### EXERCISE
Wherever the word "finish" appears in a line of the records, copy that line.

### MATERIALS PROVIDED

+-------+

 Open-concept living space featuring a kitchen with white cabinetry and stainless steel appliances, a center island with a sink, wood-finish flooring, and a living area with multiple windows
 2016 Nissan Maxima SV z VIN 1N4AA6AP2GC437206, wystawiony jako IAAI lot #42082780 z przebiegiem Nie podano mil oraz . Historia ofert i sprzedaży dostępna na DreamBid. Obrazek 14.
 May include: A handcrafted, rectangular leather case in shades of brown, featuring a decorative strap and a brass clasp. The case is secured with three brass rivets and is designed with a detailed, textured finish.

+-------+

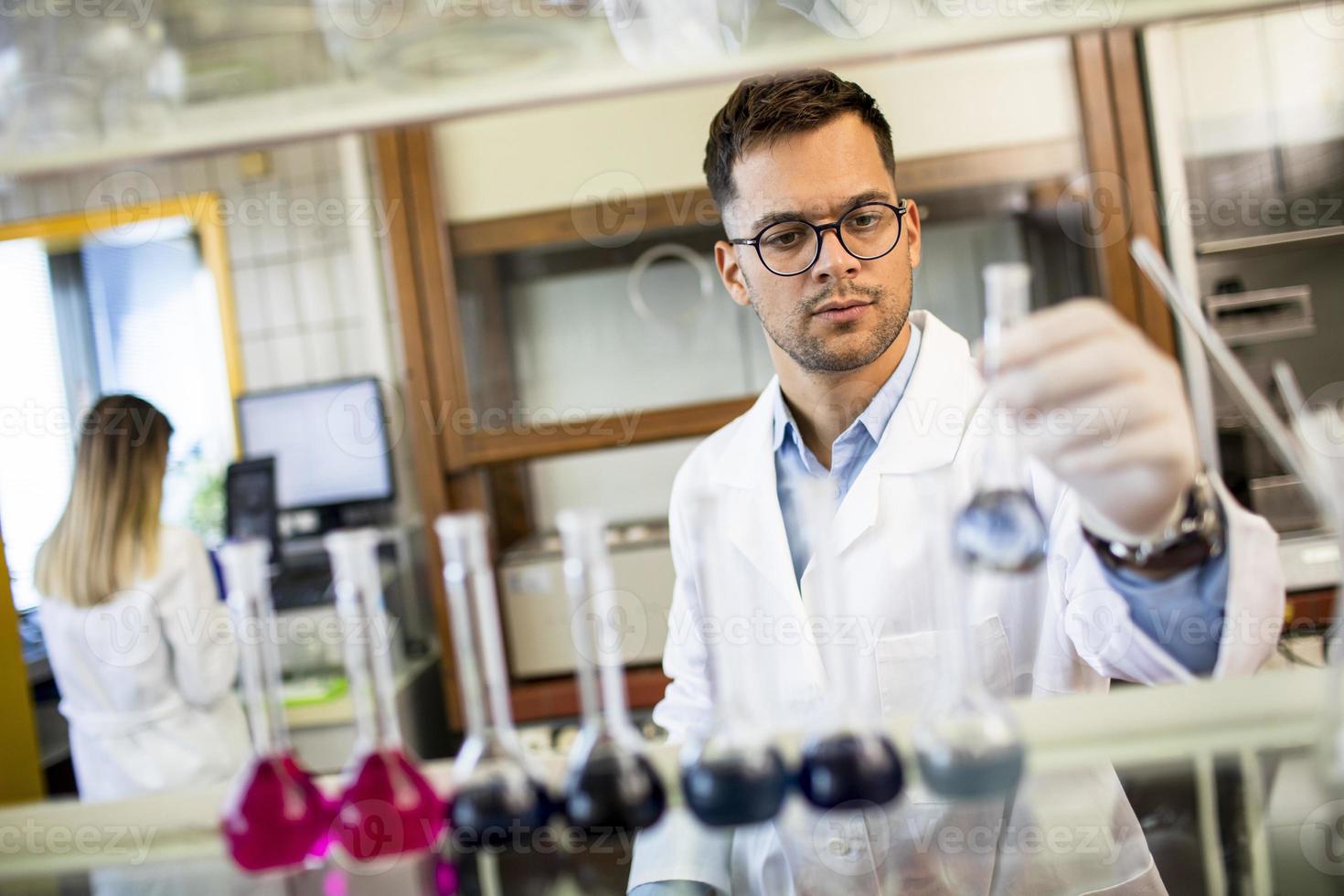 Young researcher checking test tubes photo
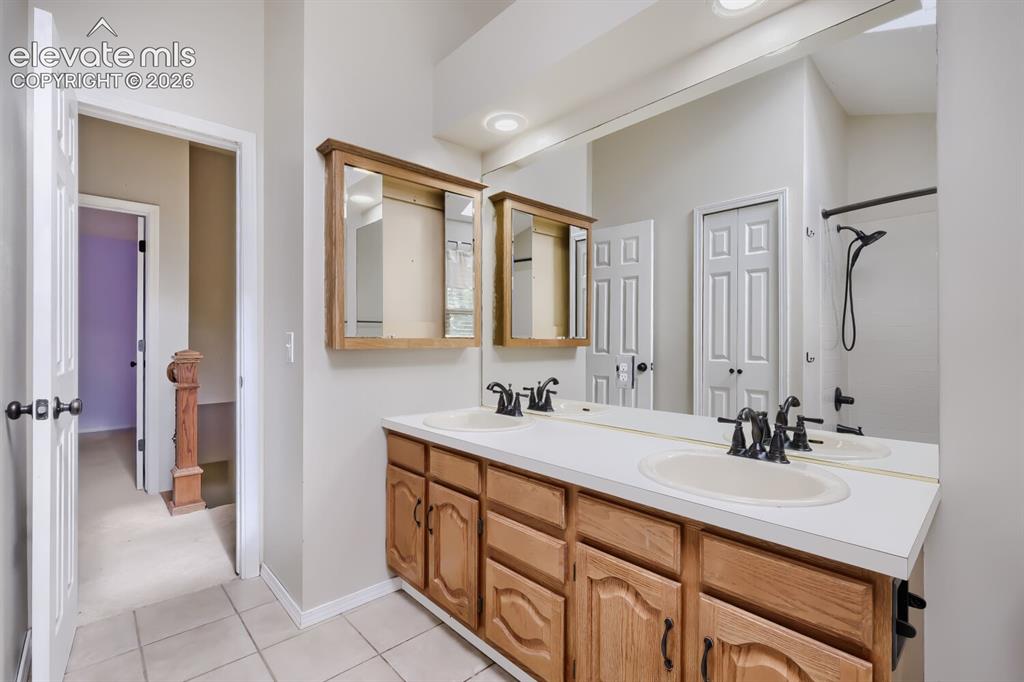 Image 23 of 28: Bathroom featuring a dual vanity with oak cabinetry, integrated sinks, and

+-------+

### TASK RESPONSE
 Open-concept living space featuring a kitchen with white cabinetry and stainless steel appliances, a center island with a sink, wood-finish flooring, and a living area with multiple windows
 May include: A handcrafted, rectangular leather case in shades of brown, featuring a decorative strap and a brass clasp. The case is secured with three brass rivets and is designed with a detailed, textured finish.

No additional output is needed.